The problem
Would you please repeat exactly the entries below, starting at the line with "Ukrayna'da hastaneye ve" and ending at the line with "4207 W Whitewater Avenue, Weston, FL 33332", and nothing outside that range? Leave out the pictures.

Records for processing
......
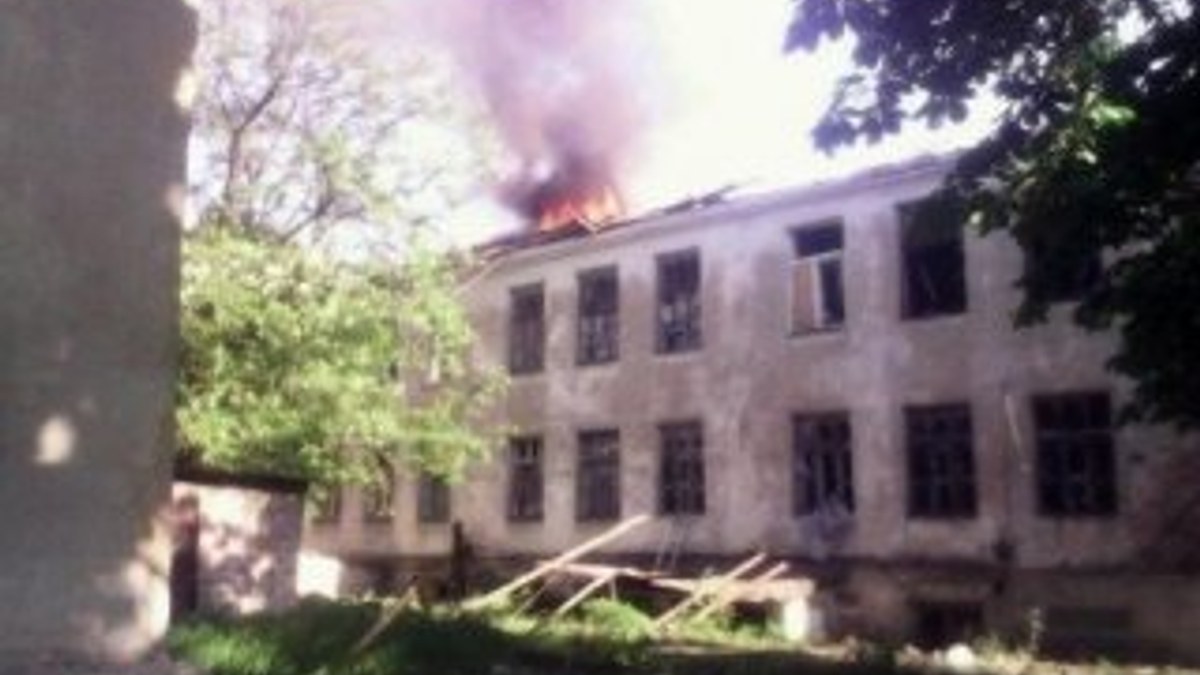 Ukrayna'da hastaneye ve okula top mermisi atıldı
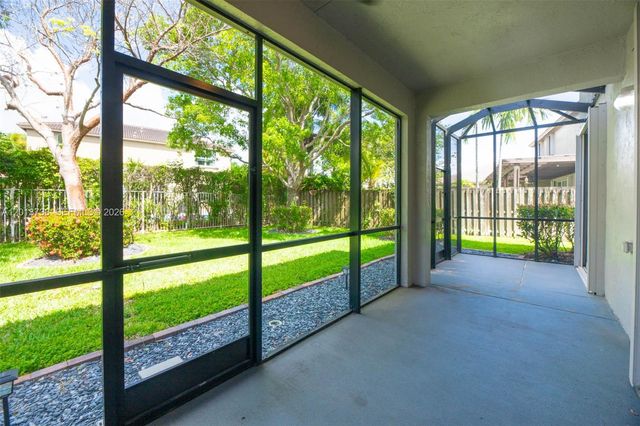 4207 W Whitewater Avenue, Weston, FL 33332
......
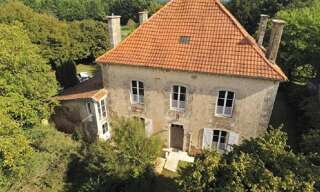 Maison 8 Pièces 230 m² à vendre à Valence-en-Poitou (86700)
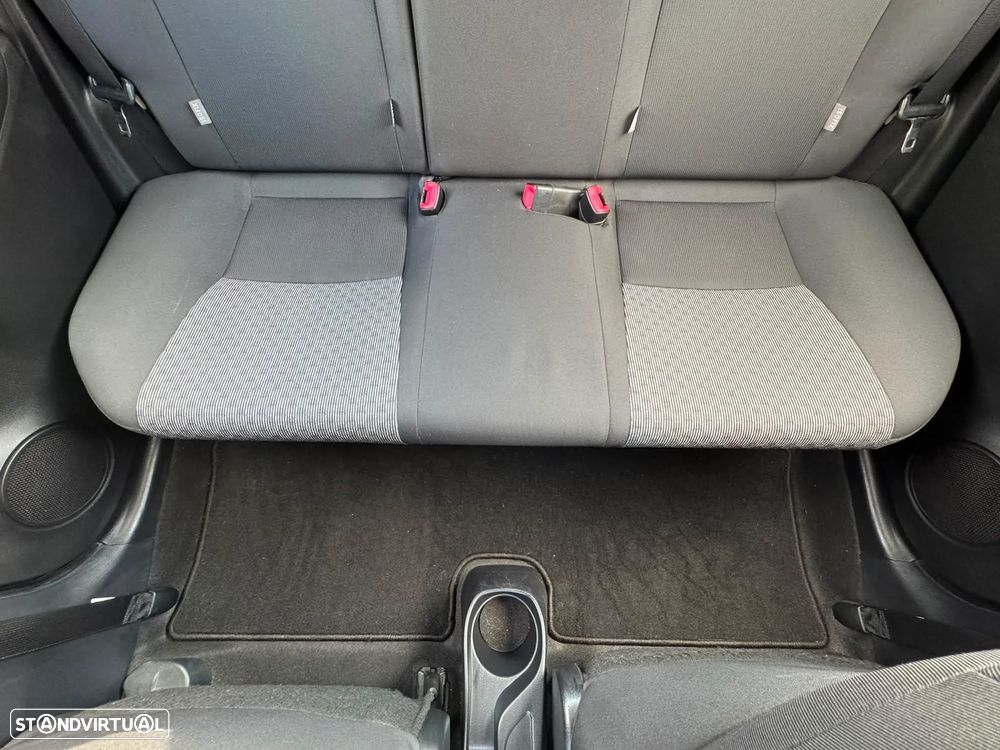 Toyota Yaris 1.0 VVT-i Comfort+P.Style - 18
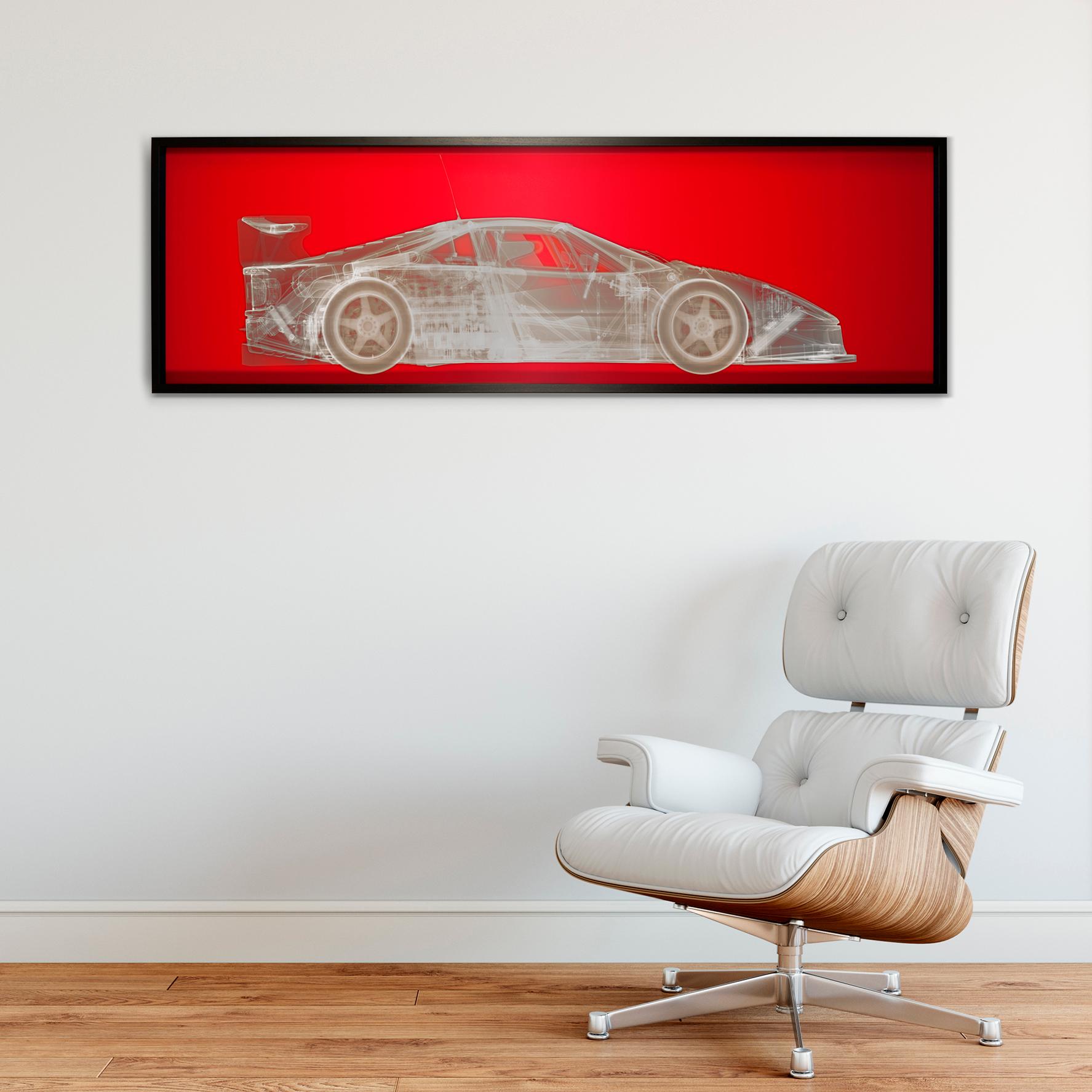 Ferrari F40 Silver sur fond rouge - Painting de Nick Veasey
......
Written response
 Ukrayna'da hastaneye ve okula top mermisi atıldı
 4207 W Whitewater Avenue, Weston, FL 33332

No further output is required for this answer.